By JERRY TALLMER
George Perle, renowned composer, will have his work feted at Lincoln Center
George Perle, one of this country’s most distinguished 20th century composers, was born May 6, 1915, in Bayonne, New Jersey.
A few nights ago in the Upper West Side apartment he and his wife share, not too far from West 67th Street’s Merkin Hall, where on February 7 the Da Capo Chamber Player will pre-celebrate his 90th birthday, he was spurred into a discussion of the meaning of music, particularly for people for whom a printed page of notes on a staff is like a printed page of Cuneiform.

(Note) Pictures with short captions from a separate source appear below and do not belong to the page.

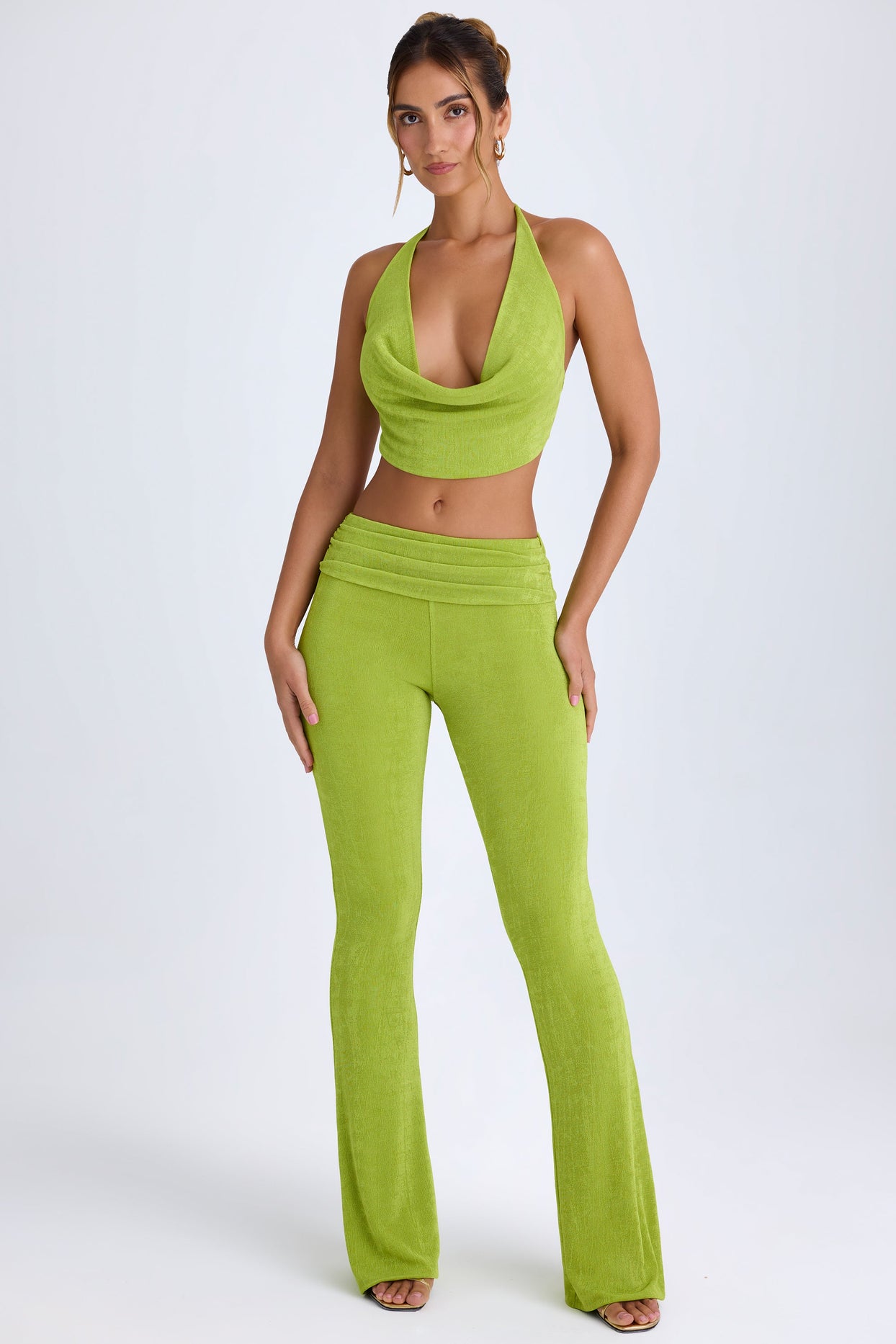 Lillian Tall Ruched Mid-Rise Trousers in Pear Green | Oh Polly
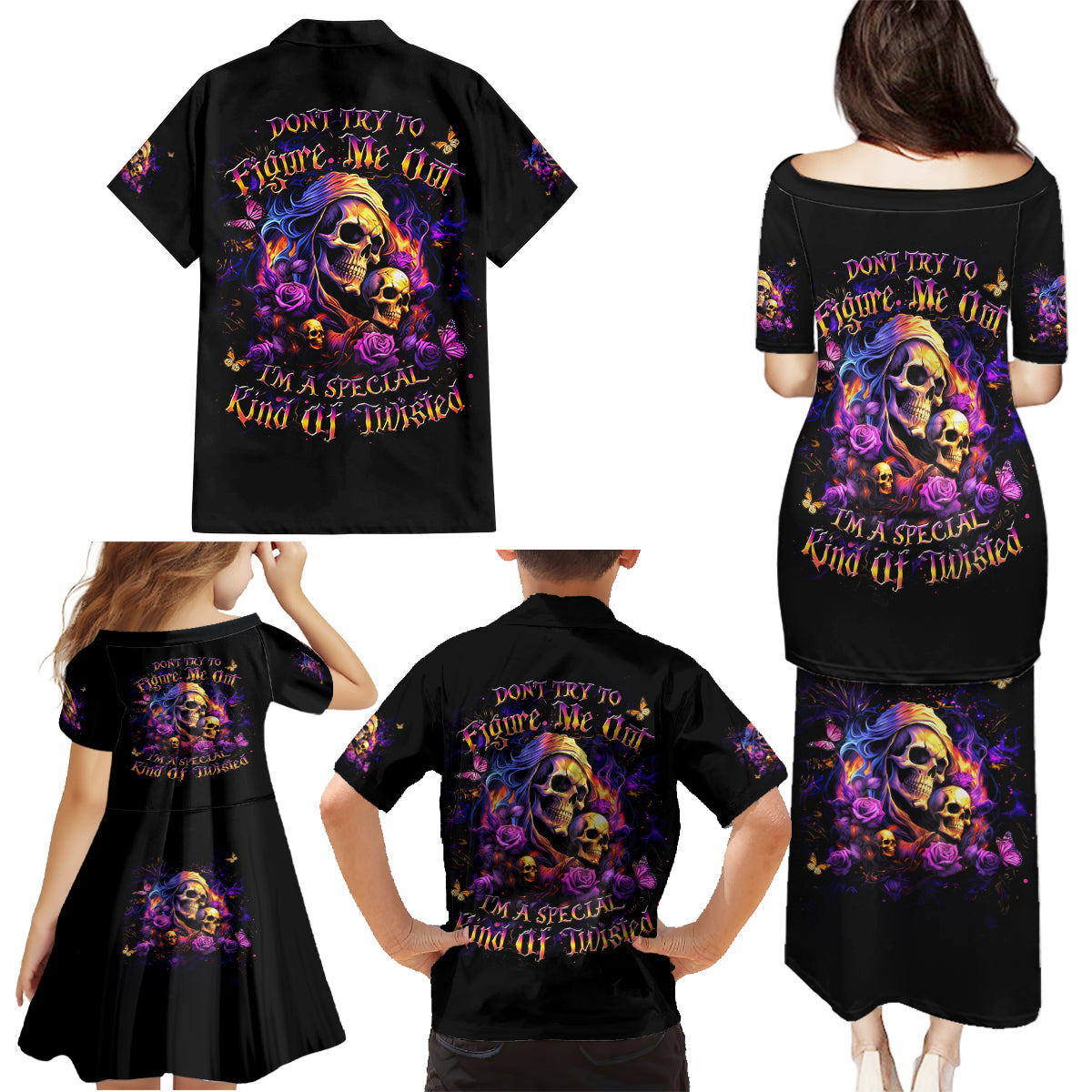 Irish Skull Family Matching Puletasi and Hawaiian Shirt Good Girl Drinve Wine, Badass Girl Chug Beer - Wonder Print Shop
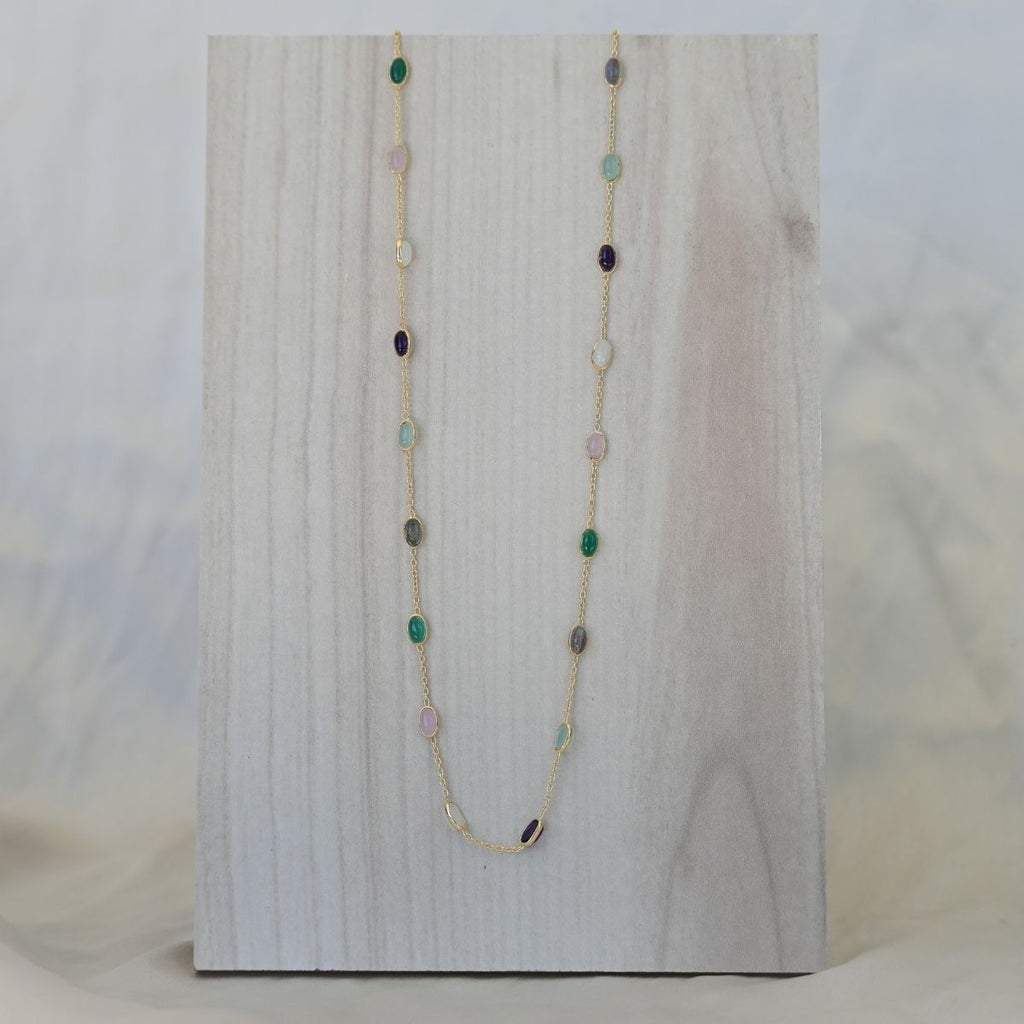 Gold Necklace With Different Coloured Semi Precious Stones In Necklace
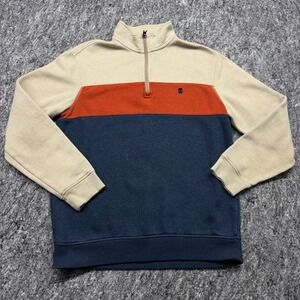 IZOD Advantage Performance Mens Small Quarter Zip Colorblock Fleece Pullover Tan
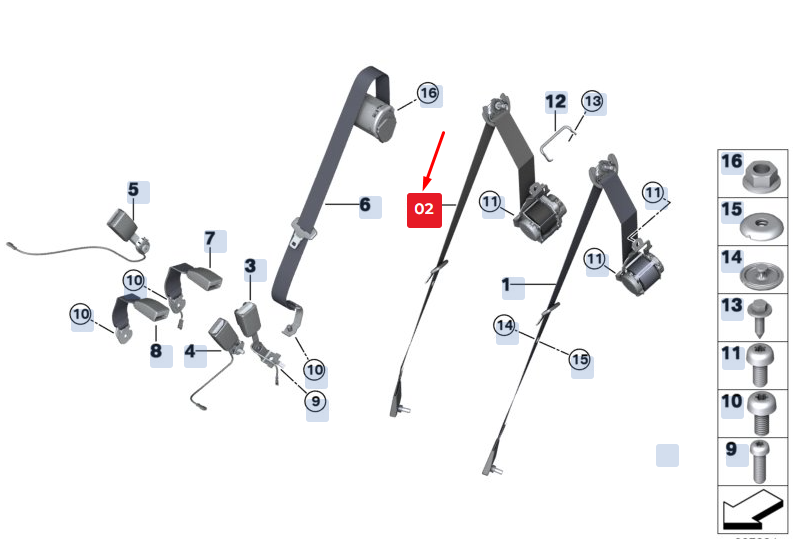 new bmw x5 f15 rear left seatbelt 72117318367 7318367 original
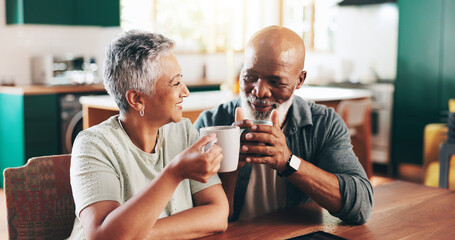 House, coffee and old couple with love, toast and bonding together with herbal tea, smile and romance. Valentines day, mature man and senior woman in living room, cappuccino and cheers with marriage
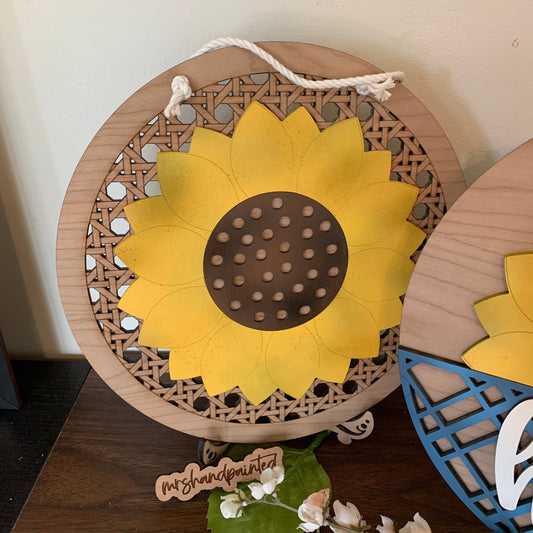 Sunflower Laser Cut Wood Door Hanger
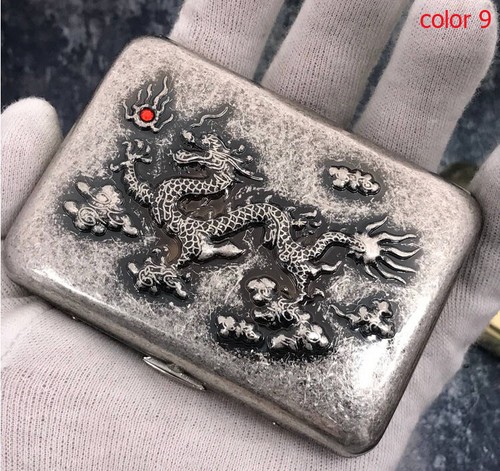 Nuevo Hecho a Mano Metal Latón Tallado Cigarrillos Porta Caja Soporta 16 Cigarrillos - Imagen 3 de 12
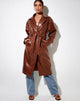 Image de Duster Longline Coat in Croc Pu Brown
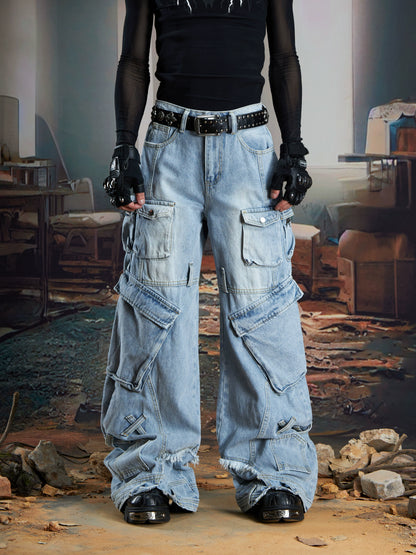 Deconstruction Multi-Pocket Washed Wide Leg Cargo Denim Jeans WN21333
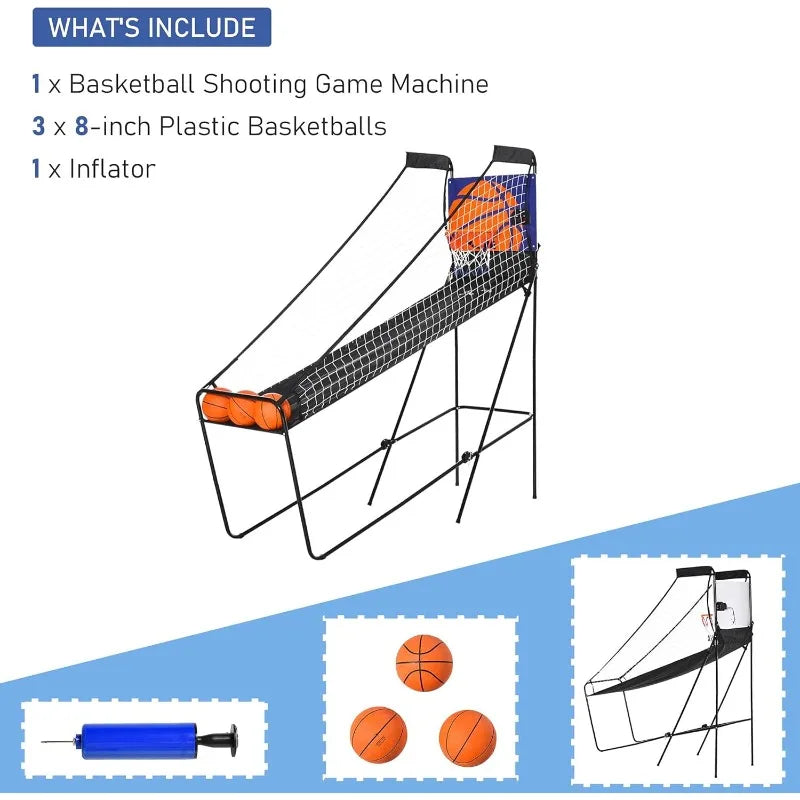 Indoor Basketball Arcade Game – Electronic Scoreboard for 1–2 Players, Foldable Hoop Shooting Game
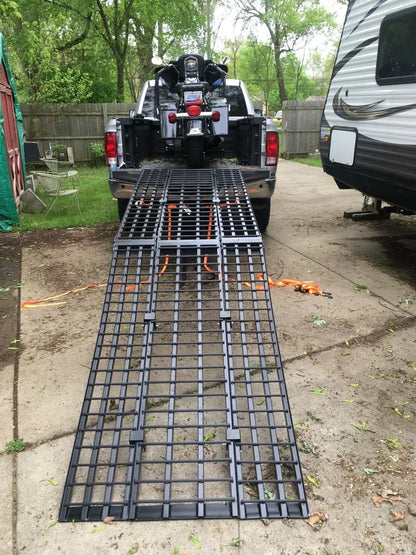 Black Widow Heavy-Duty Folding Arched Motorcycle Ramp | Models BW-12040-HD & BW-14440-HD | Size 40" Wide | Capacity 1,500 lb | For Street, Touring & Cruiser Motorcycles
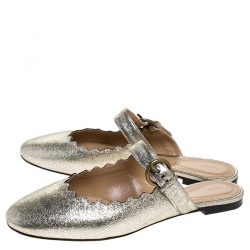 Pre Owned Chloe Silver Foil Leather Lauren Buckle Strap Flat Mules Size 40
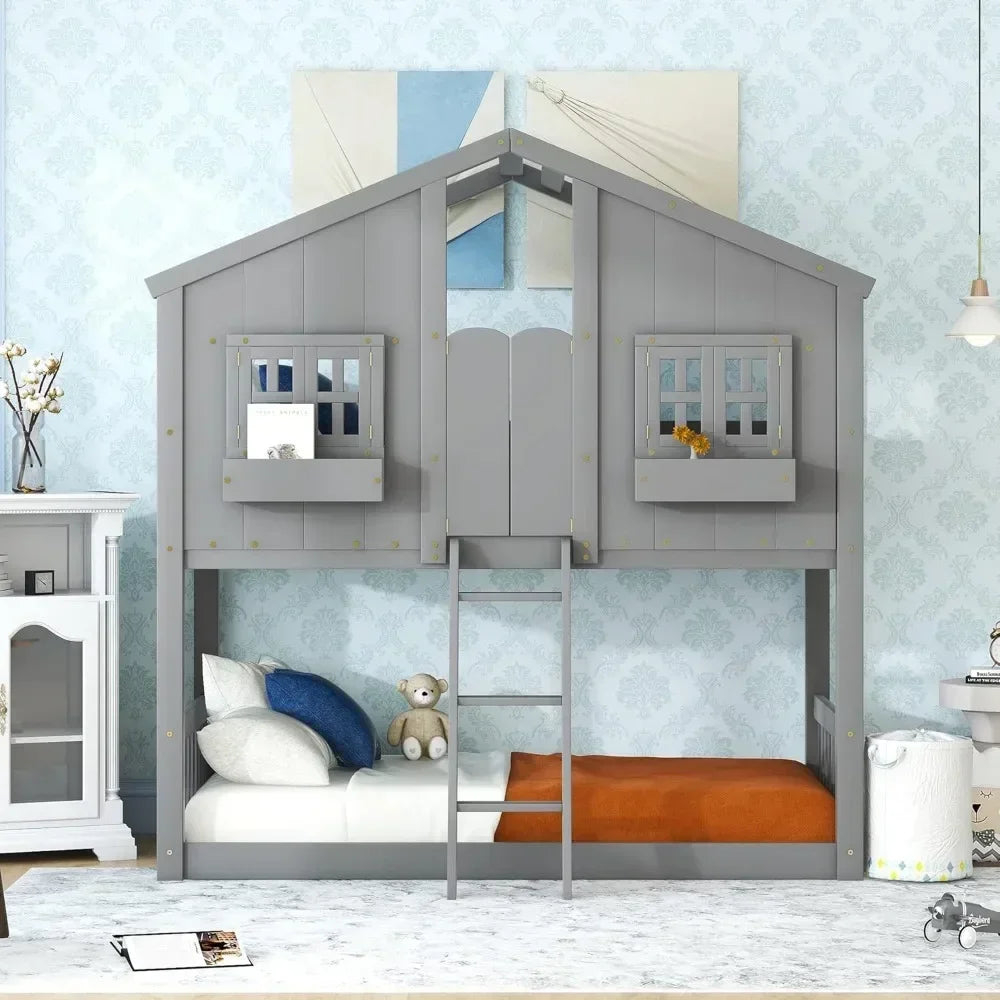 Hign-concerned Teak Wood Twin House Bunk Bed With Roof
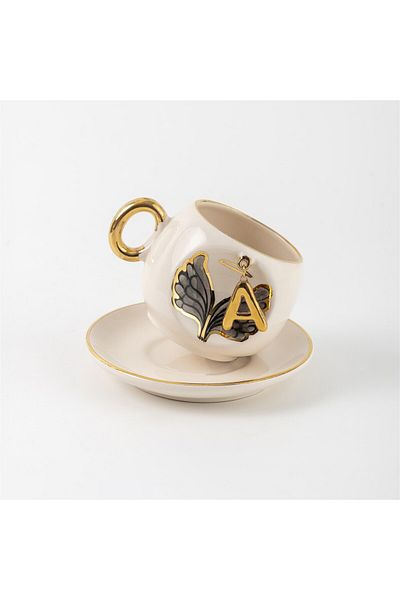 BSK Black Angel Patterned Ceramics Handmade Cup - Letter A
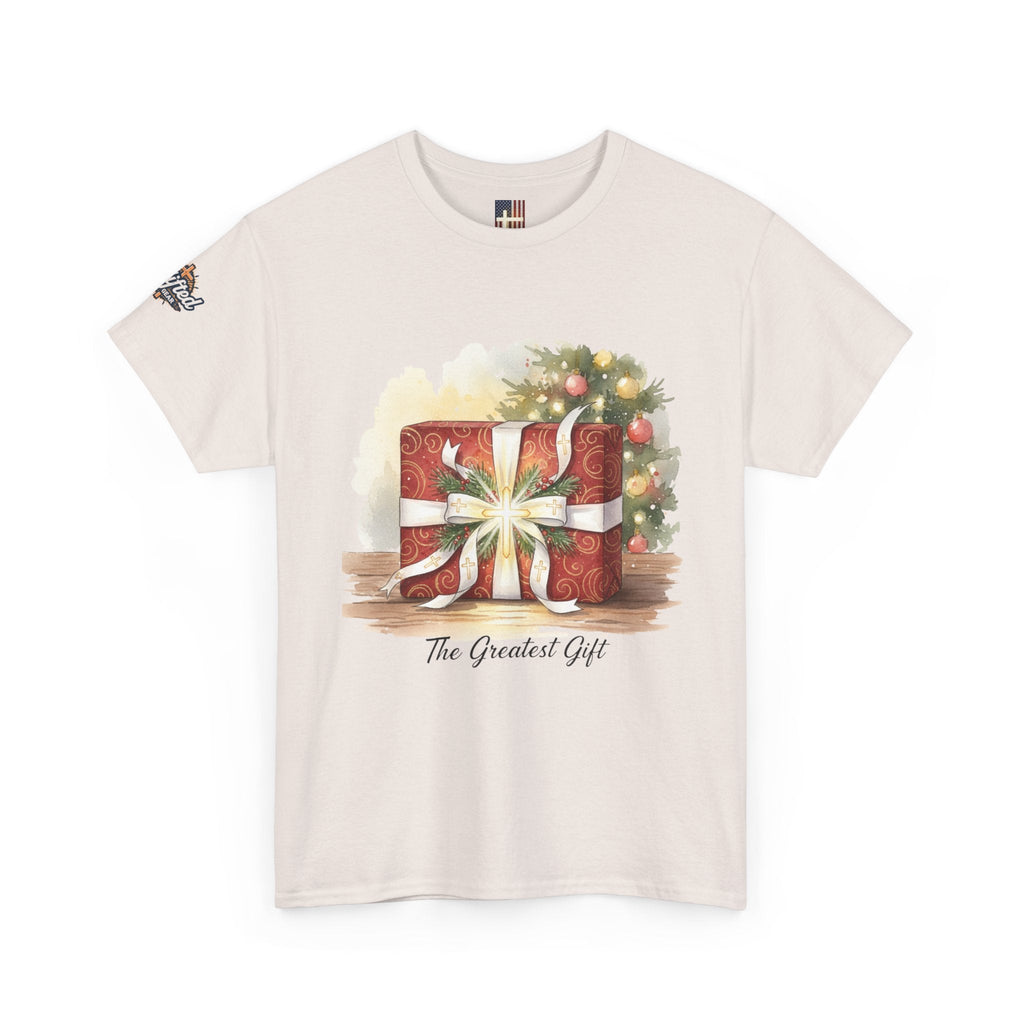 The Greatest Gift T-shirt – Cross Bow Present Christian T-shirt for Christmas Salvation & Eternal Faith Printify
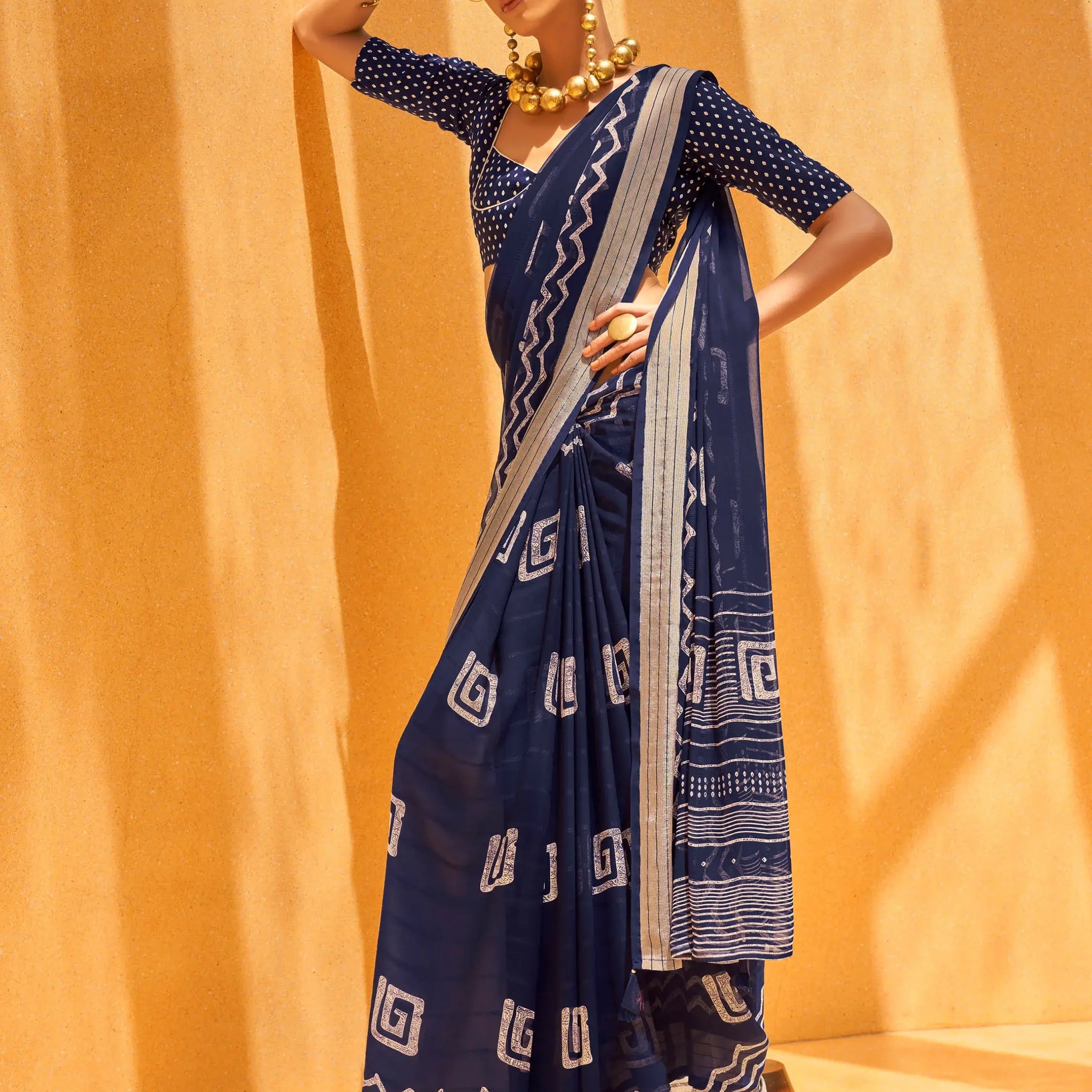 Charming Navy Blue Foil Printed Georgette Event Wear Saree - Zeel Clothing
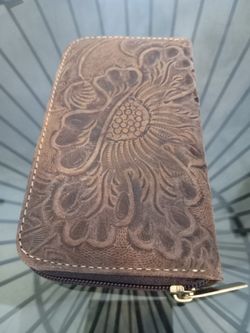 Hand Tooled Leather One Zipper Wallet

“You’re putting me on the spot,” Perle said, speaking slowly, as is his privilege. “Reading a novel is altogether different from reading a newspaper, but it’s all language. If you go to a concert, you have some kind of reaction to it. If the newspaper is Chinese, you can’t understand it. But if you hear something by a Chinese composer, if it’s playful, for instance, you understand
“There are all sorts of aspects of life that we deal with, even if we don’t understand it. You guess at what something means,” he said.
Tchaikovsky’s “1812 Overture” has to do with the defeat of Napoleon. That’s a clear enough meaning. But except for specifics like that, are we expected to know what a piece of music means, or is that irrelevant?
“No,” said Perle. “Good question.”
His wife, pianist and music teacher Shirley Rhoads Perle, spoke up.
“Frequently,” she said, “even gifted students with good ears have found it difficult to read notes.”
“I never had trouble reading notes,” the composer murmured.
Mr. Perle was asked whether his music is abstract.
“No more abstract than Mendelsohn’s music.”
“Why do you say Mendelsohn?” enjoined his wife.
“It could have been anybody,” he grunted. After a moment: “I remember when I first understood the meaning of music. I remember the precise instant.
“Before that, I had listened to music but nobody but myself knew I listened to music.”
You were a little kid?
“A little kid, seven years old. It was an absolutely overwhelming moment. A totally ecstatic experience. I remember standing there and wondering what the hell was happening.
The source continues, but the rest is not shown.